Hier muss auch die Rolle des Autors selbst und der von ihm lange geführten Verbände kritisch hinterfragt werden. Als langjähriger Vorsitzender des Zentralrats der Muslime spricht Mazyek aus einer Position heraus, die Mitverantwortung für den Zustand der Debatte in den muslimischen Gemeinschaften trägt. Sein Text kann als Versuch gelesen werden, die Perspektive vieler Muslime in den deutschen Leitdiskurs einzuspeisen. Gleichzeitig verschweigt er die eklatante Führungsschwäche der großen muslimischen Verbände nach dem 7. Oktober.

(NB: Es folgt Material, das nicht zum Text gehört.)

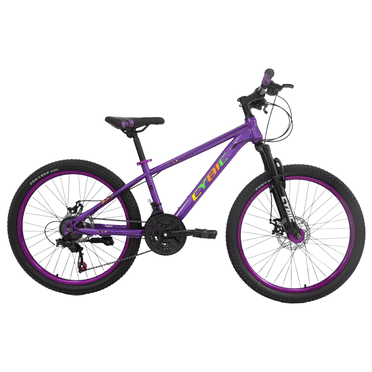 Cybic 24 inch Mountain Bike with Iron Frame,21Speed,Disc Brakes Bicycle, Purple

Ihr ohrenbetäubendes Schweigen oder ihre Unfähigkeit, den Hamas-Terror unzweideutig als solchen zu benennen, führte dazu, dass sie das Zepter des Handelns in der muslimischen und migrantischen Community weitgehend der Straße überlassen haben. Diese Passivität manifestiert sich für Kayman ganz konkret im Versäumnis des „geistlichen Personals“, das es in zwei Jahren „nicht ein einziges Mal gelungen“ sei, geschlossen für die Geiseln zu beten oder durch das Hissen beider Flaggen – der palästinensischen und der israelischen – ein glaubwürdiges Zeichen für eine Zwei-Staaten-Lösung zu setzen (Kayman, 2025).

Ein "aktives Mitgestalten" der Erinnerungskultur funktioniert nicht in einer Gesellschaft, aus dessen Mitte heraus jüdisches Leben in Deutschland bedroht wird? Wie kann man über eine zukunftsorientierte Gedenkarbeit sprechen, wenn – wie Kayman es mit bitterer Dringlichkeit formuliert – „der öffentliche Raum kein safe space mehr für Juden ist“ (Kayman, 2025), für jüdische Mitbürgerinnen und Mitbürger sogar zum Angstraum wird? Wenn jüdische Symbole versteckt werden müssen und Kinder in der Schule aus Angst ihre Identität verschweigen, weil es, so Kayman, die eigene Community „kalt lässt“?

Die Verantwortung für eine gelingende Erinnerungskultur liegt bei allen Untergruppen und -communites der Gesellschaft, gerade auch wenn Teile einer Minderheit die grundlegendste Lehre der deutschen Geschichte – den unbedingten Schutz jüdischen Lebens – aktiv untergraben oder gleichgültig dabei zusehen. Ein zweifellos bestehender Anspruch auf Mitgestaltung erfordert auch Bereitschaft zur Solidarität mit allen Menschen in diesem Land.

Fazit: Verantwortung hier und jetzt

Ein glaubwürdiges "Nie wieder" beweist sich nicht in der abstrakten Kritik an der Außenpolitik. Es beweist sich im konkreten Handeln hier und heute. Es beweist sich in der unzweideutigen Verurteilung von Terror, gleich von wem er ausgeht. Es beweist sich im Gebet für die israelischen Geiseln ebenso wie im Mitgefühl für die zivilen Opfer in Gaza.

Solange prominente Stimmen, auch aus der muslimischen Community, diese konkrete, gelebte Verantwortung für das Zusammenleben in Deutschland einer theoretischen Universalismus-Rhetorik unterordnen, bleibt ihr Beitrag nicht nur leer, sondern gefährlich. Denn er lenkt von der wahren Aufgabe ab: der Etablierung und der Verteidigung unseres friedlichen Zusammenlebens gegen jene, die Hass zu ihrer treibenden Motivation gemacht haben.

Wahre moralische Haltung beginnt mit der Aufrichtigkeit vor der eigenen Haustür, nicht mit dem Zeigefinger auf Andere. Oder, um es mit der abschließenden Forderung Kaymans zu sagen: Wer glaubwürdig palästinasolidarisch sein will, „der muss zunächst deutschlandsolidarisch sein“ und beweisen, dass er sich für das friedliche Zusammenleben hierzulande einsetzt (Kayman, 2025).